Historians like Edward Freeman, John Green, John Kemble, and even Henry Adams joined Bishop Stubbs in his conviction that the Anglo-Saxons had enjoyed a democratic society. Henry Adams was deeply interested in “the primitive popular assembly, parliament, law-court and army in one; which embraced every free man, rich or poor.” He noted how “among all German races, none have clung with sturdier independence or more tenacious conservatism to their ancient customs and liberties, than the great Saxon confederation.” Tacitus remained a largely unquestioned source. A nonfeudal land tenure and the elective German kingship were carried from the Saxon woods to England to bless that island until the arrival of the Normans. Late-nineteenth-century scholars had relatively few doubts on this subject.
Carl Stephenson has commented that to accept the nineteenth-century interpretation of Anglo-Saxon society, a historian had “first to read into comparatively late sources a meaning which they never had and then apply that misinterpretation to an imaginary society of a thousand years earlier.” Tacitus has received a closer examination today. Scholars now agree that the Germania depicted a warrior peasant far different from that claimed by the whig historians. Tacitus described the German people as dominated by a class of warriors who saw agriculture as degrading for them personally and lived off the produce of the lower peasants. Tacitus may have found the Germans a happy contrast to contemporary Rome, but Saxon society was certainly not the democratic one envisaged by Jefferson and the whigs. As a society, in fact, the Saxon was less agrarian than military, and the personal tie which bound peasant to lord involved the performance of a customary service nearly as rigid as that brought in by the Normans. On the credit side for the whigs, it must be emphasized that there was no professional class of knights sustained by military benefices in pre-Conquest England.
The true meaning of the term witan eluded the early historians: Sir Frank Stenton claims the Saxon councils were composed, not of all classes, but of the upper ranks of the aristocracy, along with ecclesiastics when the church became established. The best that Stenton has found is “the character of a constitutional monarchy,” which was “extremely narrow in form.”
Other features of the whig interpretation have also been subjected to reexamination. The idea of the breach in English historical development occasioned by the Norman Conquest was less popular in the nineteenth than in the eighteenth century. Stubbs began the emancipation from this broken-continuity concept of the whigs, and his influence is evident in Stenton, although such notable scholars as J. H. Round and G. B. Adams continued to argue that the Conquest did interrupt English historical development.
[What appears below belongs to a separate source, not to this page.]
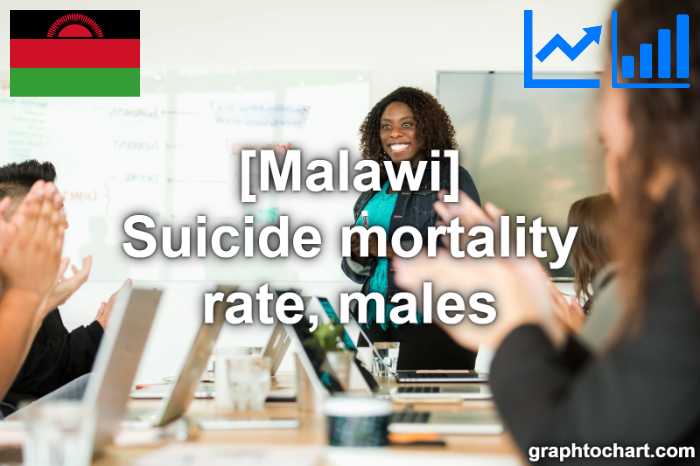 Malawi's Suicide mortality rate, males(Comparison Chart)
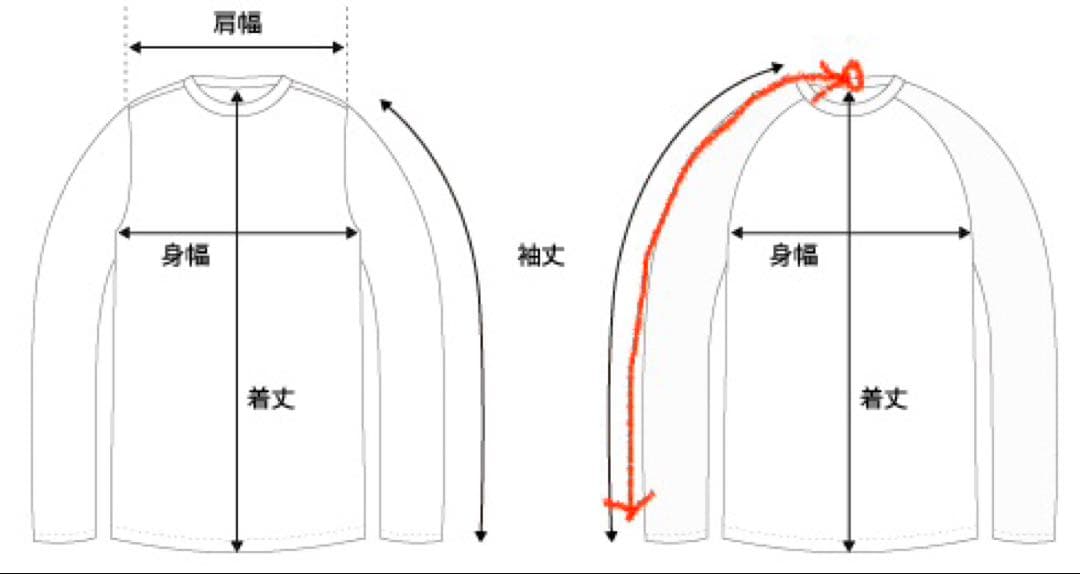 【05aw】【ここのえ期】【最終値下げ】Margiela ニット アーカイブ S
In G. B. Adams’s view the English constitution rested wholly upon the feudal foundations laid by the Normans. The Saxons had been approaching a feudalistic state before the Conquest, but “beneath the superficial similarity, there was a great difference.” According to Adams, the Normans possessed a more centralized absolutism and imposed this upon the Saxons; he explained the similar legislative machinery that ensued as due to the Saxon Chronicles’ habit of persistently calling the Norman curia regis by the old name of witenagemot. The real institutional difference, Adams insisted, was very wide, despite this feudalistic similarity. But there was no real compromise with the whig interpretation: “The origin of the English limited monarchy is to be sought not in the primitive German state, nor in the idea of an elective monarchy or a coronation oath, nor in the survival of institutions of local freedom to exert increasing influence on the central government.”
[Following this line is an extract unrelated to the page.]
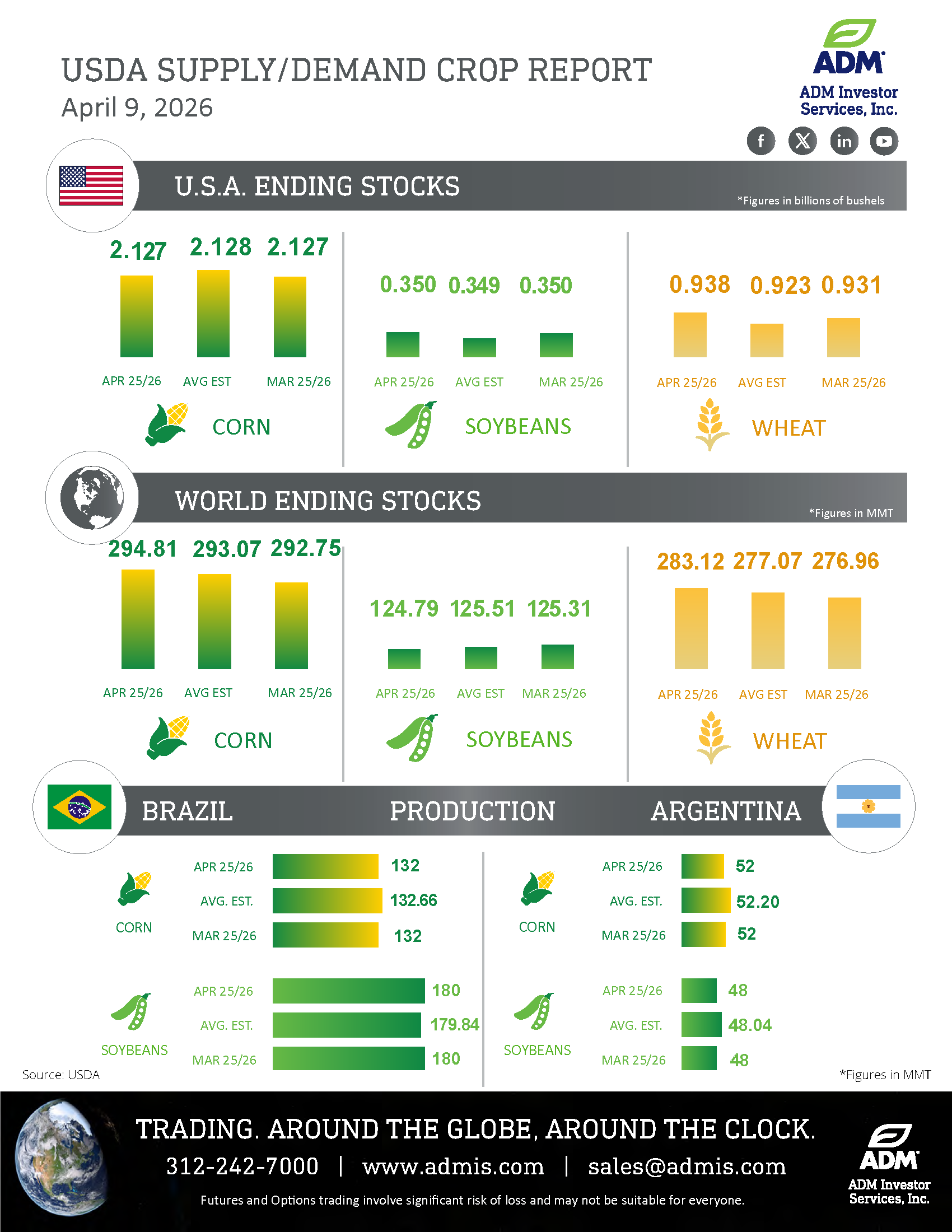 USDA April 9 Crop Report Infographic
Today the prevailing tendency is to view the post-1066 Anglo-Norman state as unique, the result of many antecedents, Saxon, Flemish, Danish, and Breton. Most of the later features of whig history have been explored and revealed as false oversimplifications which endured because people wanted to believe. The myth of Magna Charta has been attacked by scholars distressed over extravagant claims made on its behalf. The feudal character of the document is now widely recognized. Its limitations may be disputed, but no longer in the political language of the 1680s. Most scholars see the Charter as a grant of privileges on the part of King John to the freemen of England and agree that it could not apply to the mass of a people still thoroughly servile. As Faith Thompson has commented, the famous Charter which was so important to seventeenth- and eighteenth-century lawyers and historians “meant many things to many groups, varying greatly from age to age in actual content [meaning] and realistic value.”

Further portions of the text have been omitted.